SYDNEY - At least three people have died in bushfires in Australia.  Authorities in New South Wales say more than 150 homes have been destroyed as the state battled an unprecedented fire emergency that continues into a third day, Sunday.  Officials are warning the number of people killed could rise as fire-hit areas are inspected.  At least 30 people have been injured. 

The bushfire crisis spans two states in eastern Australia.  Monstrous walls of flame have terrorized towns and villages.  Many fires in northern New South Wales and parts of Queensland continue to burn out of control despite a military-style fire-fighting effort.

A fire bombing helicopter works to contain a bushfire along Old Bar road in Old Bar, New South Wales, Australia, Nov. 9, 2019. (AAP Image/Shane Chalker/via Reuters)

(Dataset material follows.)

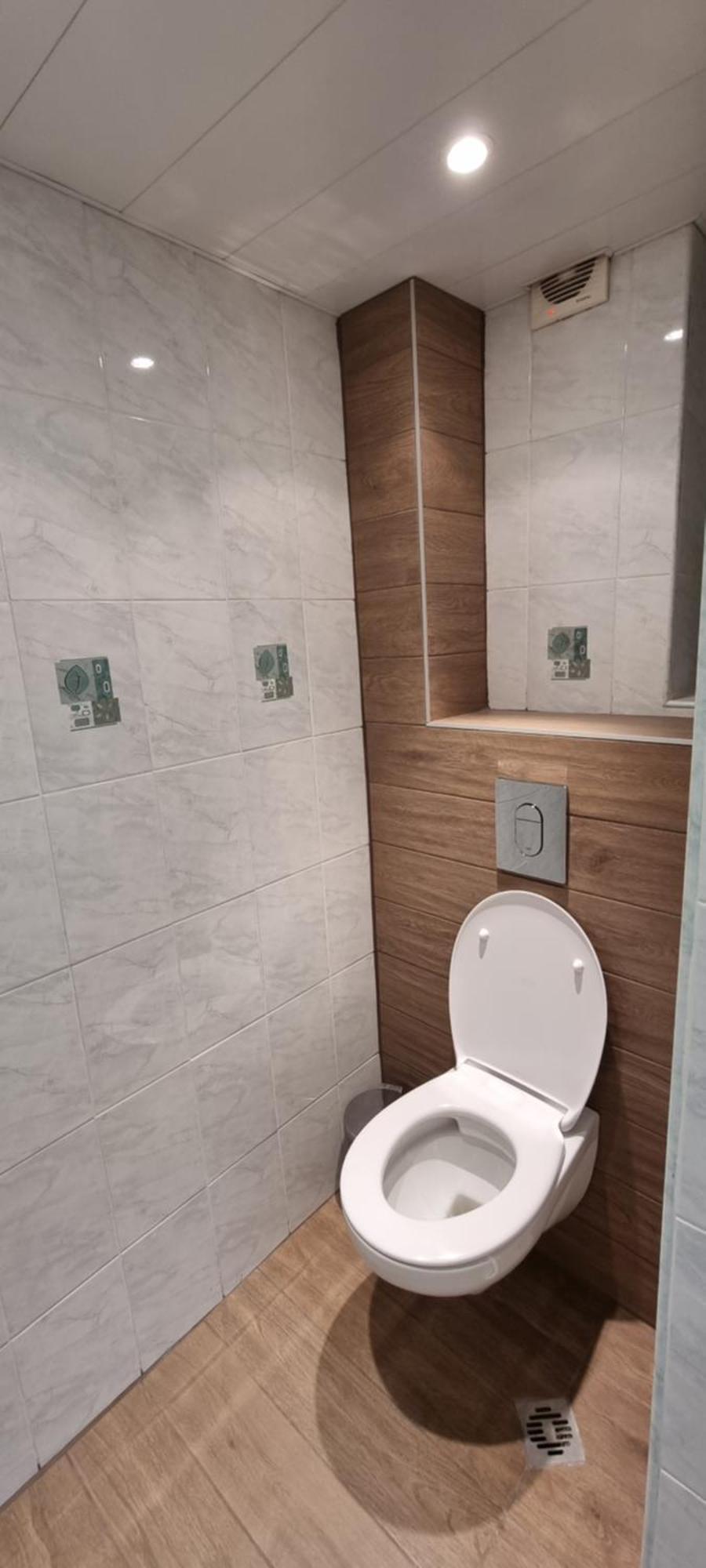 Central Luxe Apartament Mimoza Varna Bagian luar foto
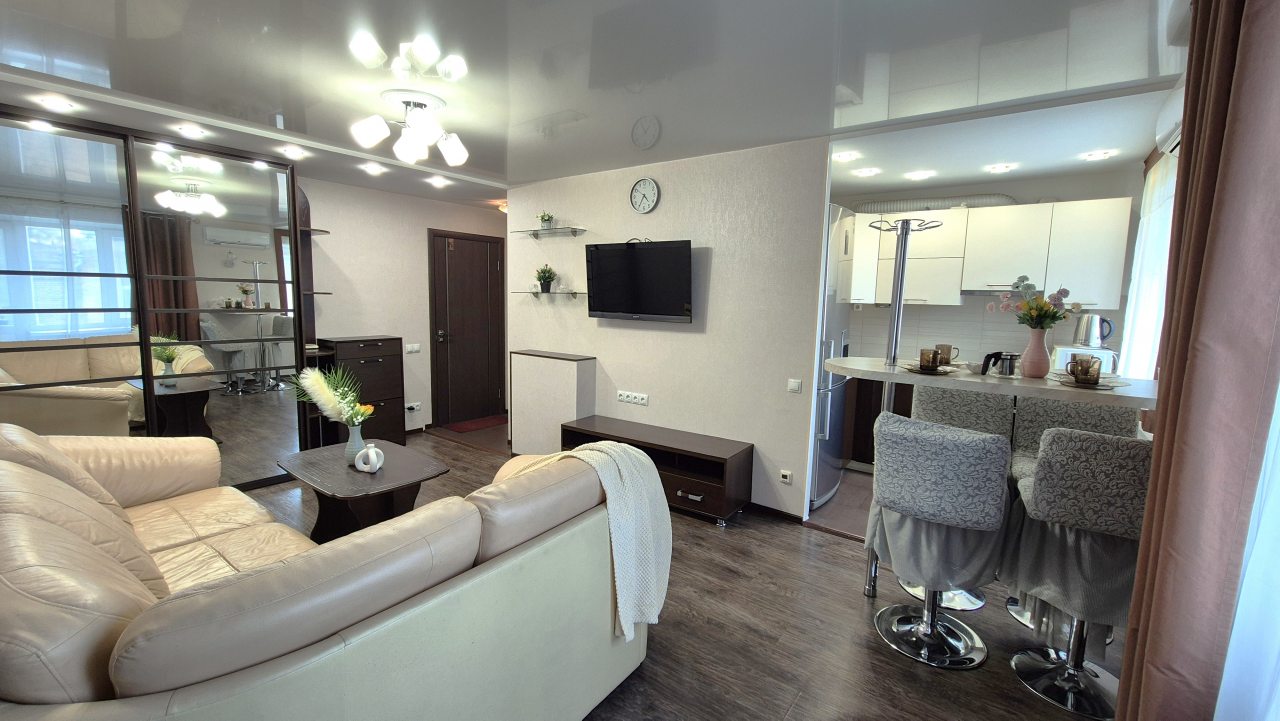 гостиная комната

Water-bombing aircraft have doused them from above, while hundreds of firefighters, many of them volunteers, have gone into battle on the ground.

The full impact on life and property could take days to emerge.  

Bridges, schools and power lines, as well as many homes, have been destroyed.

Others are counting their luck.

“I have come back and my house, its still there.  It is rammed earth and it is still there.  I can’t believe it.  My sheds are all gone and my house is still there,” said a woman.

“I am still gathering thoughts, trying to remember that what it was that I actually did see, whether or not I could believe what I saw,” said a man.

Prime Minister Scott Morrison says the nation won’t forget those affected by the fires.

Australian Prime Minister Scott Morrison (L) speaks to residents at an evacuation center in Taree, 350km north of Sydney on Nov. 10, 2019.

“Those who have been so directly and horribly impacted by these fires, those who have lost loved ones and those who will learn they have lost loved ones in the not-too-distant future, those who have lost homes, those who are sitting in the smoldered ruins of properties that once stood, they are the ones that Australians will be thinking of today,” he said.

Hot and windy weather, combined with a long drought, have made parts of eastern Australia a tinderbox.

Cooler conditions Sunday helped firefighters, but the danger in eastern Australia is far from over.  Authorities say they are likely to issue extreme fire warnings for a vast section of the New South Wales coast on Tuesday, as well as for inland regions.  

Areas around Sydney are considered to be particularly at risk.  Queensland is also bracing for more hazardous conditions.  Residents have been warned that if they are threatened by fire, they may not get help.